Comme cette attitude est assez récurrente, je me questionne : “Et si le macadam arlésien était une sorte de terre promise ignorée de ses usagés ?…”

Les badgés, toutes castes confondues, ont pour doctrine de toujours arborer de manière nonchalante leur laissez-passer. Vous les croisez dans les soirées, à une heure du matin, quand toutes les expos et conférences de la journée sont terminées, un verre à la main, rhinocéros roses à cornes vertes autour du cou comme s’ils étaient nés avec ! Vous finissez même par vous dire : “Mince, je n’aurais pas autant d’assurance avec un rhino en guise de collier !” 

Du 3 au 13 juillet, je vais donc rentrer dans une phase de paranoïa aiguë, la peur du flashage intempestif va m’envahir.
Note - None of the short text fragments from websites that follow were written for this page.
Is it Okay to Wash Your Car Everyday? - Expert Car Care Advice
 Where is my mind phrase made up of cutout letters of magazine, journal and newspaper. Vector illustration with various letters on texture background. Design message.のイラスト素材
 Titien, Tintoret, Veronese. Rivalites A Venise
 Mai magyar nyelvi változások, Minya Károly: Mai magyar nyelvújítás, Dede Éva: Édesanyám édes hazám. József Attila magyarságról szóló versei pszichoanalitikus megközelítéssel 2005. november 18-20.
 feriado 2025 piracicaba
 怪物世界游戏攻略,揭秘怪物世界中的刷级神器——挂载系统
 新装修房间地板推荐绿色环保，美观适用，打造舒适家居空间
Mais cette année, c’est juré, on ne m’y reprendra plus. Je ne vais donc plus enfiler le premier vêtement qui traîne au pied de mon lit, je n’aurai plus le cheveu hirsute et le regard bovin pour aller acheter ma baguette matinale ! Poses étudiées pour boire mon café en terrasse, démarche aérienne, port de tête remarquable : voilà le quotidien qui m’attend pour ne pas risquer l’horreur photographique. Je vous abandonne donc vite pour m’entraîner. Les expos de cette 41e édition des RIP ? Je les découvrirai après le 13 juillet, sereinement, en tongs et cheveux rebelles… J’espère vous y croiser, chers lecteurs, mais sans appareil photo ! Par pitié… » — Sophie Aubert, juin 2010.